Nell’ ultimo decennio l’interesse per il mondo del cibo è andato aumentando sempre più. Ne sono la prova le decine di trasmissioni televisive e radiofoniche a tema, libri, «soloni» che predicano la loro religione culinaria, la ricerca attenta, da parte di un pubblico anche giovane, dei migliori ristoranti, delle novità, delle curiosità, dei prodotti più esotici.
Senonché di pari passo in molti locali, indipendentemente dal livello (più sportivo, più etnico, più raffinato), non sempre – ma spesso – si propone e si impone anche una musica alta, talora altissima. Che sia una canzone di Battisti o un rapper, che si tratti di un sottofondo di Chopin (raro) o di una star come Lady Gaga poco importa: non si parla della qualità della musica che, in un modo o nell’altro, piace a tanti.

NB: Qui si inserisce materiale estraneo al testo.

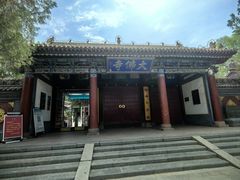 -张掖大佛寺景区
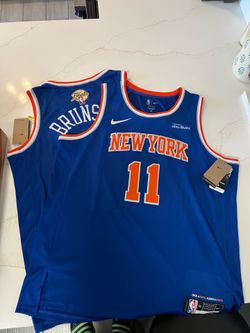Knicks Brunson Finals Jersey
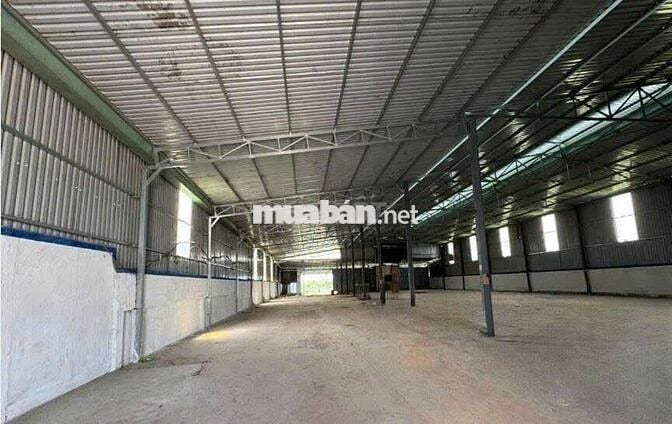 Cho thuê xưởng 2300m² (PCCC, 3Fa), Xã Tân An, Vĩnh Cửu, Đồng Nai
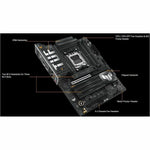 TUF X870E-PLUS WIFI7 Gaming Desktop Motherboard - AMD X870E Chipset - Socket AM5 - ATX - Alternate view 9
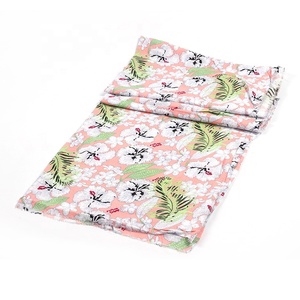 De alta calidad de encargo de la moda tejido de rayón China flor colorida Challis <span class=keywords><strong>tela</strong></span> para el vestido - Product Image 5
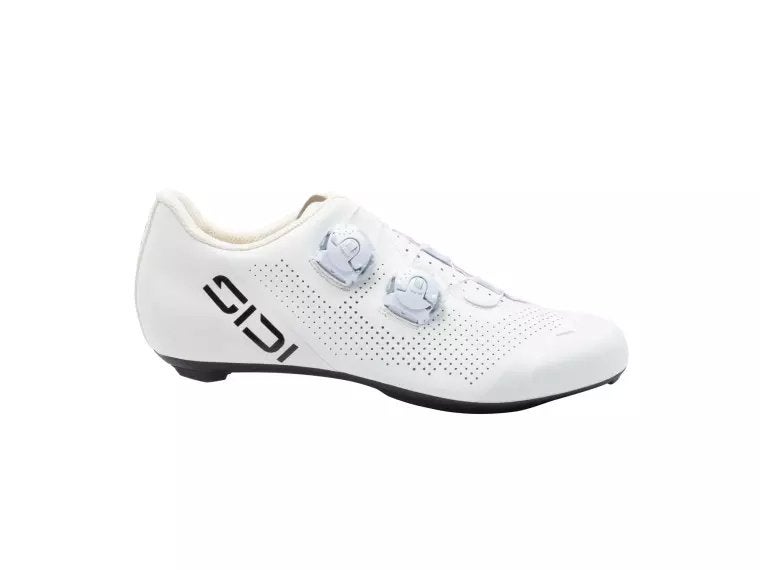 Sidi Ergo 6 Wielrenschoenen Heren Full white - Maat 44,5, Ophalen of Verzenden, Zo goed als nieuw, Schoenen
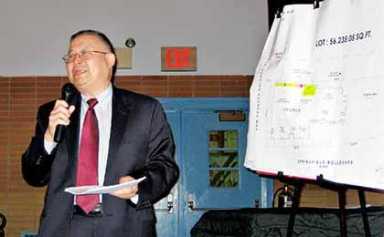 CB 11 OKs church expansion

In questa situazione la musica fa innalzare il tono della conversazione, contribuendo a un rumore che si fa sempre più assordante, cosicché il piatto viene consumato tra discorsi a metà e una non considerazione per la musica. «La musica a pranzo è un insulto sia al cuoco che al violinista» diceva G.K. Chesterton, prolifico scrittore inglese che si e a lungo occupato dell’influenza della musica sull’esperienza del cibo. Chissà se è ipotizzabile nel futuro una rivolta di chef e musicisti a tutela delle loro fatiche: ai posteri l’ardua sentenza.